Plusieurs thèmes importants, d’ailleurs valables pour l’ensemble de la société occidentale, se retrouvent par ailleurs dans ces romans et, plus précisément, dans L’Intrusion de Haslett. Ainsi de la fuite en avant d’un « battant » dont la course au fric et au pouvoir résume les aspirations. Tom Wolfe l’a incarné en golden boy des années Reagan, Bret Easton Ellis le fait rebondir avec son yuppie tueur virtuel. Enfin, vingt ans plus tard, voici se pointer Doug Fanning, arriviste d’origine modeste qui va flamboyer au top des opérations financières frauduleuses avant de s’effondrer. Autre thème fondamental : l’éclatement des relations familiales et les carences affectives qui en découlent pour une jeunesse de riches « zombies » se raccrochant à la drogue et au sexe, comme l’illustre Moins que zéro du même Bret Easton Ellis, et Haslett avec ses personnages de jeunes paumés.
Enfin, dans la foulée des plus grands auteurs du XXe siècle, dont Philip Roth est aujourd’hui le dernier des représentants, c’est à la source des idéaux de la nation que nous ramène Adam Haslett avec le merveilleux personnage de Charlotte, vieille prof d’histoire que révolte l’inhumanité des nouveaux riches et qu’on pourrait très bien retrouver chez Philip Roth, Don DeLillo ou Cormac MacCarthy, autres irréductibles de l’humanisme américain.
Sous ses airs de garçon bien élevé du Massachussets (il est fils d’un conseiller en gestion et d’une prof de français), Adam Haslett, diplômé de droit à Yale pour la forme, s’est imposé dès son premier recueil de nouvelles, Vous n’êtes pas seul ici (L’Olivier, 2005), révélé par la revue de Francis Coppola, ensuite finaliste du Prix Pulitzer, au premier rang de la nouvelle littérature américaine.
Celle-ci se retrouvera d’ailleurs en force dès la rentrée, avec les nouveaux romans de Philip Roth, Bret Easton Ellis et Thomas Pynchon. Autant dire que la saga collective continue !
Plus dure sera la chute
Douglas Fanning est au top de sa situation de requin des transactions financières quand, en 2002, il se fait construire une villa à dégaine de palais gréco-romain dans la banlieue huppée de Boston où, enfant, il accompagnait sa mère femme de ménage.
Dès son installation, perçue comme une intrusion par sa voisine Charlotte Graves, professeur en retraite un rien extravagante (elle entretient des relations intellectuelles poussées avec ses deux chiens) et sœur du Président de la Réserve fédérale, le fringant prédateur se fait détester et, bientôt, traîner en justice pour un procès qu’il perd contre toute attente.
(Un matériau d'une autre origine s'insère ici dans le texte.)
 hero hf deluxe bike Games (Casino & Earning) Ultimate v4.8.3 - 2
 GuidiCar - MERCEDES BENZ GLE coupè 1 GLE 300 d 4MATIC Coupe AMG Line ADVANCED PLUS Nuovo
L’épisode est cependant dérisoire à côté de la catastrophe intégrale qui se prépare au Japon où il a laissé un jeune collaborateur multiplier les opérations frauduleuses les plus risquées.
Tout détestable qu’il soit, ce personnage de self made man humilié par sa mère alcoolique et dégoûté, en sa jeunesse, par une monstrueuse bavure de guerre, dans le Golfe, acquiert une stature de personnage romanesque hautement significatif de « tueur » narcissique. En contraste absolu, Charlotte le défie non sans chaperonner le jeune Nate, fasciné par son voisin et ne sachant à quoi se raccrocher après le suicide de son père ruiné.
Sur fond de crise financière magistralement détaillée « de l’intérieur », ce roman saisit autant par son intelligence que par sa pénétration des douleurs personnelles et des frustrations aboutissant à toutes les compensations réelles ou fantasmatiques. Tout cela fondu en une seule coulée vibrante de vie et, parfois, notamment à l’occasion d’une inénarrable garden party, de haut comique satirique…
Adam Haslett. L’Intrusion. Traduit de l’anglais (USA) par Laurence Viallet. Gallimard, Du monde entier, 362p.